The optimization spotted a better solution!

### Extending
Extending this to the full case is a trivial exercise (up to the availability of data). We just need to get the data for all 20 drivers and modify the constraints. This includes:

 - Budget is now 100
 - We must choose 5 drivers
 - We must choose a single constructor
 
Constructors didn't feature in this example but the principle is exactly the same.
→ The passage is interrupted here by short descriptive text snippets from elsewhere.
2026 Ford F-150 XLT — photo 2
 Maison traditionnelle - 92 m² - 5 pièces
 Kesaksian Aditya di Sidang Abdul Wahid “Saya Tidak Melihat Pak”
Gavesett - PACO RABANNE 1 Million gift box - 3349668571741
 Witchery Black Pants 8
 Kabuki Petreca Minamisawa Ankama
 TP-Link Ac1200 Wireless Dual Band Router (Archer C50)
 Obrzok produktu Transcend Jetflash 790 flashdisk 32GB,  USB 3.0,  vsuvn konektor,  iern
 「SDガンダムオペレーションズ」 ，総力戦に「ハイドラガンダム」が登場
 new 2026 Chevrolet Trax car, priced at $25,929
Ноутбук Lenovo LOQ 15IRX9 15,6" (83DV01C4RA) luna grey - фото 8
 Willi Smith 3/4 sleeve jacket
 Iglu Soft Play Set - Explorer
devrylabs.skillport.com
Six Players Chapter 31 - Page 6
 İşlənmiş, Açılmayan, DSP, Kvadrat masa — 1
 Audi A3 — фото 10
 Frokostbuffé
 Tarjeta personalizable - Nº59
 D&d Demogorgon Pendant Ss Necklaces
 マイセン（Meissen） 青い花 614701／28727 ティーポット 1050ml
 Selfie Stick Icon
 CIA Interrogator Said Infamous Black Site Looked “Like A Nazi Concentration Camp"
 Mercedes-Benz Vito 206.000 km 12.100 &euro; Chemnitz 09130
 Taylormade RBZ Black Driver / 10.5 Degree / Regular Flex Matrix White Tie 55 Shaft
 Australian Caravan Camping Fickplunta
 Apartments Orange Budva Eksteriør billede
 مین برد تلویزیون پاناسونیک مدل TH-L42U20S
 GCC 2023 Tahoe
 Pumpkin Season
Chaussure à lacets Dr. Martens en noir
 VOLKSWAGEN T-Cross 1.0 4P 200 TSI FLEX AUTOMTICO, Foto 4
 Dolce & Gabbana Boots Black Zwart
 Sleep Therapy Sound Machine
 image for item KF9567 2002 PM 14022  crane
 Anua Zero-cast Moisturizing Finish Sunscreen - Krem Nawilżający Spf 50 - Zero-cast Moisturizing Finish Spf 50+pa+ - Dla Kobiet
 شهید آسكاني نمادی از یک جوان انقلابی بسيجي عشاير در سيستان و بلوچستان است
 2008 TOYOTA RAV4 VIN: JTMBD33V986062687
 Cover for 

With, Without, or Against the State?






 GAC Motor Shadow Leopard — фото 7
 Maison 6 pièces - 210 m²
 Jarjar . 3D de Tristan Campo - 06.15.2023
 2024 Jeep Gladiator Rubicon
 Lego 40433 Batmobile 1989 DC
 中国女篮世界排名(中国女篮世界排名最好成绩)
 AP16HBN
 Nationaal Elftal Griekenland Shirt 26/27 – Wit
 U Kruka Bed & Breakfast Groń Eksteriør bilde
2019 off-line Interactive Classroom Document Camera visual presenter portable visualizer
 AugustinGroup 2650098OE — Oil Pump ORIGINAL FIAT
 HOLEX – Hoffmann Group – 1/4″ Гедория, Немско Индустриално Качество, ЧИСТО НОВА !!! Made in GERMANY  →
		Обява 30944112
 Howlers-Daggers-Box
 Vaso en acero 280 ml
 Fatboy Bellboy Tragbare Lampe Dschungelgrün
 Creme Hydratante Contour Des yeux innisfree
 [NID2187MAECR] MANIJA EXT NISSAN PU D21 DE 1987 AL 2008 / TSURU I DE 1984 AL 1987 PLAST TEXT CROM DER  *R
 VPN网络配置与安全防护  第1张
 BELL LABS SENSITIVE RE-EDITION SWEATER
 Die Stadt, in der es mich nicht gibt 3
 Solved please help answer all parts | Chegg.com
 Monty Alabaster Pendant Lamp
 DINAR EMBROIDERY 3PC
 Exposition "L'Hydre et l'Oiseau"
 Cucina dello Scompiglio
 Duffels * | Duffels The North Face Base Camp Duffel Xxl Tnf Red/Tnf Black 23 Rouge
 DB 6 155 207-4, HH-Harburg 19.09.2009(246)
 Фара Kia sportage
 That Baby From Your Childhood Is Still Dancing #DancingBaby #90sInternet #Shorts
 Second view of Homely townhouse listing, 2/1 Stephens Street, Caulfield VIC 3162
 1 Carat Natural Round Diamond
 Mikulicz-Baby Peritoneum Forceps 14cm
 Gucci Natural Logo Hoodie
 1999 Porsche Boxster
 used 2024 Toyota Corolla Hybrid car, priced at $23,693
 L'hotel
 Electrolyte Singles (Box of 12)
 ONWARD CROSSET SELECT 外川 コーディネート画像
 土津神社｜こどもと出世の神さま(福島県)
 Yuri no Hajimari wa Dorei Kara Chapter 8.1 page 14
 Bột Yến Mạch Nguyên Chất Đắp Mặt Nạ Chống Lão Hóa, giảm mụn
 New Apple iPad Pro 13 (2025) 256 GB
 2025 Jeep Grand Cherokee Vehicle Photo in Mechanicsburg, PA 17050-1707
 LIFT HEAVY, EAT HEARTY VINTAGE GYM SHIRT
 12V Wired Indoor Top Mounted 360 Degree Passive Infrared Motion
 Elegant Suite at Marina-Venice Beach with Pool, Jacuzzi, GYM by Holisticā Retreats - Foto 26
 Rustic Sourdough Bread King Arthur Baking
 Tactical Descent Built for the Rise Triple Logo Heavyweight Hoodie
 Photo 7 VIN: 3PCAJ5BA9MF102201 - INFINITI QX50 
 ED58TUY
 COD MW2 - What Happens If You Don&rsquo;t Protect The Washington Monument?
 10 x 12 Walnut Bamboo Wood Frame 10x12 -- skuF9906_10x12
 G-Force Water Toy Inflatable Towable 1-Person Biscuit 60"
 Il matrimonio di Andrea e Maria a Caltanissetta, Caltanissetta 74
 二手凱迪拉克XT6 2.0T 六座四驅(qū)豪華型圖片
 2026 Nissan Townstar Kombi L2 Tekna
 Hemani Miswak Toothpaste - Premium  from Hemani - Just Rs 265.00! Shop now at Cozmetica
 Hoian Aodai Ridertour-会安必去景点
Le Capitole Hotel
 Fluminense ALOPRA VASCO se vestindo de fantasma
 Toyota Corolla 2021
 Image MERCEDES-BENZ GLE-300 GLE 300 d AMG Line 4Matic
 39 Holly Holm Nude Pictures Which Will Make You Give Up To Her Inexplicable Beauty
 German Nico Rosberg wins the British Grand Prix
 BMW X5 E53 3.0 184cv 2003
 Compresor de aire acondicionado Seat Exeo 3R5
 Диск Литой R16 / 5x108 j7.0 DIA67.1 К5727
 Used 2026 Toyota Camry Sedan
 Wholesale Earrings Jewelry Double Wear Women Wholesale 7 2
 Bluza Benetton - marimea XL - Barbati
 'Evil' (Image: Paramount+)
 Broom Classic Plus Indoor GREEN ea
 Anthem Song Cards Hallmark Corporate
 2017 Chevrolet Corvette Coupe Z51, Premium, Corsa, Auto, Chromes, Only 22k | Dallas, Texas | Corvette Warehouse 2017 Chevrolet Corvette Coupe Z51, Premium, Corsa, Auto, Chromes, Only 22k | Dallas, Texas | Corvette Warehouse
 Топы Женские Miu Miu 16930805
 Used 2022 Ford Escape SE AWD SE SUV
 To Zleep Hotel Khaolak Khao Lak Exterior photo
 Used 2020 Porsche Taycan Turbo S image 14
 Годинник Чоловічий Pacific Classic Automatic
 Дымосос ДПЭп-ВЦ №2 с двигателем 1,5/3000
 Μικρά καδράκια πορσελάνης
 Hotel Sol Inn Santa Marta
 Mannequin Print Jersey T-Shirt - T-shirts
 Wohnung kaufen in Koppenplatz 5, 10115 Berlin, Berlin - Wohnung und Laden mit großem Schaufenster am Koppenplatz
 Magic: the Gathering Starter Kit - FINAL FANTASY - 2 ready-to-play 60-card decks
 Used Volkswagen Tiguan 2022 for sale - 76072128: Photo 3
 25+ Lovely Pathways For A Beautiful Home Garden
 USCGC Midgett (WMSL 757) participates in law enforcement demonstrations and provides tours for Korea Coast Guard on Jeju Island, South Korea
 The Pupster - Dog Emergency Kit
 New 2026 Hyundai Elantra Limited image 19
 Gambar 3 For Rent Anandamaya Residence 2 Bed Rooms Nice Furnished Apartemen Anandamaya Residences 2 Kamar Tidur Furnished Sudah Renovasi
The addtional code will be along the lines of:

``` python
constructors = ["Mercedes", "Ferrari", ..., "Williams"]

constructor_choices = LpVariable.dicts(
    "constructor_choices",
    constructors,
    lowBound=0,
    upBound=1,
    cat=LpInteger
)

prob += lpSum([constructor_choices[c] for c in constructors]) == 1.0, "Number of Constructors"

```

The Total EV condition should also be modified to include drivers and constructors... Then we are done!